Conclusion du chapitre.

Les analyses quantitatives et qualitatives, menées dans les trois sections de ce chapitre, ont permis de montrer que la politique d'endettement extérieur de l'Algérie a été articulée à la rente pétrolière. Le financement d'un vaste et ambitieux programme de développement n'a été possible que grâce au "boom" pétrolier et l'élargissement de la solvabilité extérieure qui a été conséquent.

Après plus d'une décennie et demie d'aisance financière, l’économie algérienne ne semblait toujours pas avoir développé les ressorts pour résister aux chocs d'origine exogène. La crise financière qui a fait suite au "contre-choc" pétrolier révèle plus que tout autre chose les difficultés structurelles de mise en place du système productif.

Instabilité socio-économique et difficultés financières extérieures se conjuguent et poussent les pouvoirs publics à engager des réformes dès la fin de la décennie quatre-vingts.
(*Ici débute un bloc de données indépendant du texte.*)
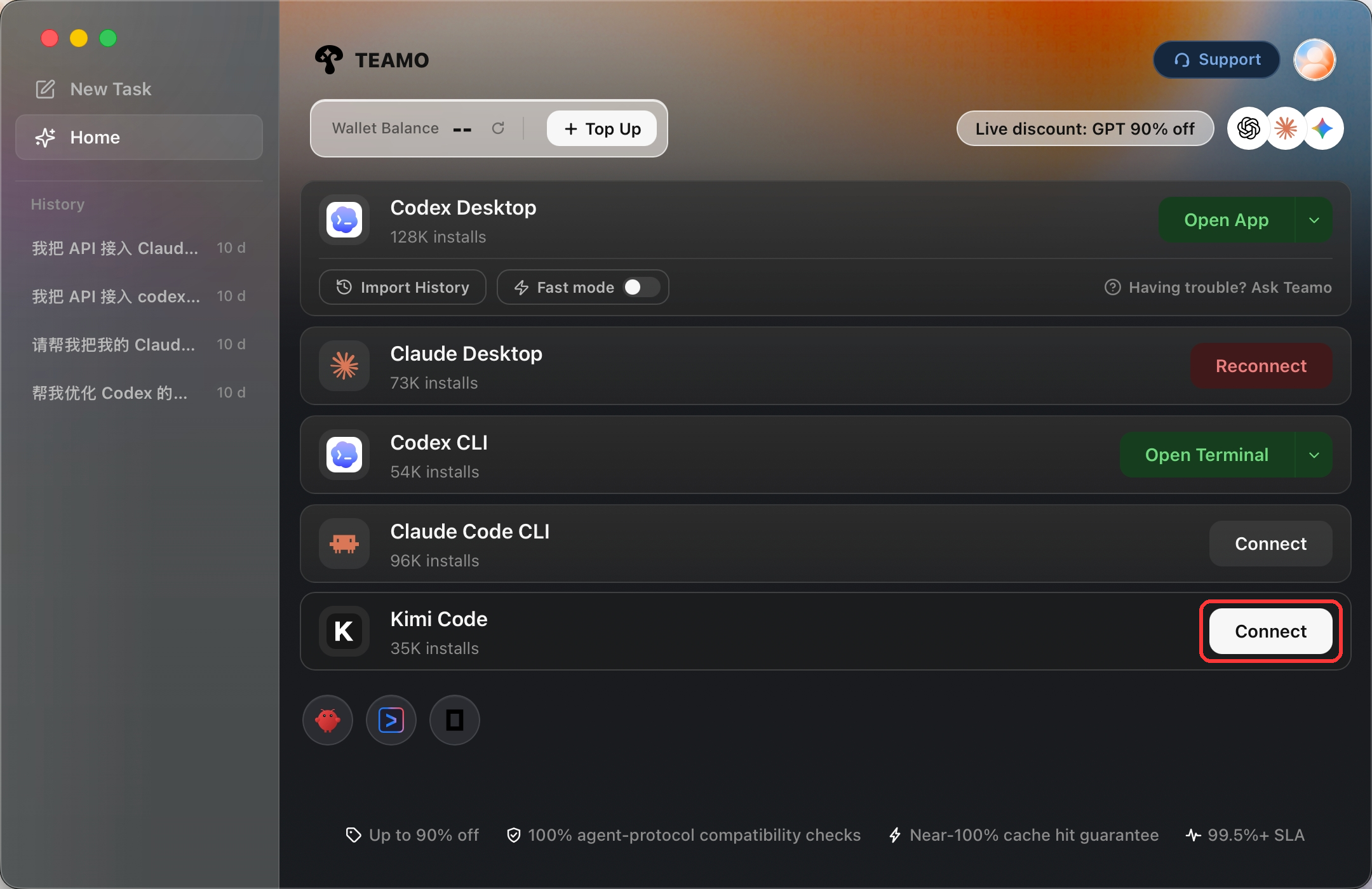 Kimi Code one-click setup in Teamo Desktop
En optant pour une démarche gradualiste, ils entendaient conserver toute leur autorité sur la conduite des réformes tout en espérant retrouver la confiance des bailleurs de fonds.

La faiblesse des moyens de paiements extérieurs eu égard aux besoins de financement croissants ont conduit l'Algérie à rééchelonner deux fois sa dette extérieure et accepter ainsi les injonctions du Fonds Monétaire International tant décriées la veille. La nouvelle phase de l'endettement qui s'enclenche avec le rééchelonnement laisse peu de liberté quant à l'utilisation des moyens libérés par ce dernier. Ils sont destinés à "assainir" la situation macro-financière.
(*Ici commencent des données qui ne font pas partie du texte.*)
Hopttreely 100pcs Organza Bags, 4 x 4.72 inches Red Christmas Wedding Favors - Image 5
Aussi importants soient- ils, ces moyens restent insuffisants pour mener de front une politique de redéploiement et d'élargissement d'un système productif immature, sous utilisé et vieillissant d'une part, et de s'acquitter d'un service de la dette qui reste contraignant d'autre part. Dans le moyen terme, l'Algérie devra s'accommoder d'une intégration à l'économie mondiale par le seul secteur des hydrocarbures qui jouera de plus en plus le rôle d'une enclave. Les secteurs industriels restants ne peuvent espérer affronter avec succès la concurrence des produits étrangers. Le risque d'un démantèlement d'une partie de leurs segments est bien réel.

Leur articulation, du point de vue financier, au seul secteur des hydrocarbures, qui absorbait systématiquement leurs difficultés financières, ne peut continuer à être assurée aujourd'hui compte tenu de la contrainte qu'exerce le service de la dette . Le risque de financer une enclave au détriment d'un redéploiement du reste de l’industrie est réel. On peut souligner, par ailleurs, que les prévisions relatives à la capacité de remboursement de la dette à partir de 1998 reposent sur le seul développement des exportations d’hydrocarbures.

Les stratèges de développement faisaient de l'articulation de la dette extérieure à la rente pétrolière une nécessité passagère. Convaincus de détenir la meilleure "recette" de développement, la mise en oeuvre du schéma des "industries industrialisantes" devenait un problème essentiellement financier. Dette et rente permettaient alors de financer un ambitieux programme qui ne tardera pas, selon les stratèges, de générer un surplus permanent, donc reproductible par le système productif projeté.

Il nous faut nous interroger sur le statut doctrinal de la rente et la dette. Le chapitre suivant nous permettra de préciser ce point.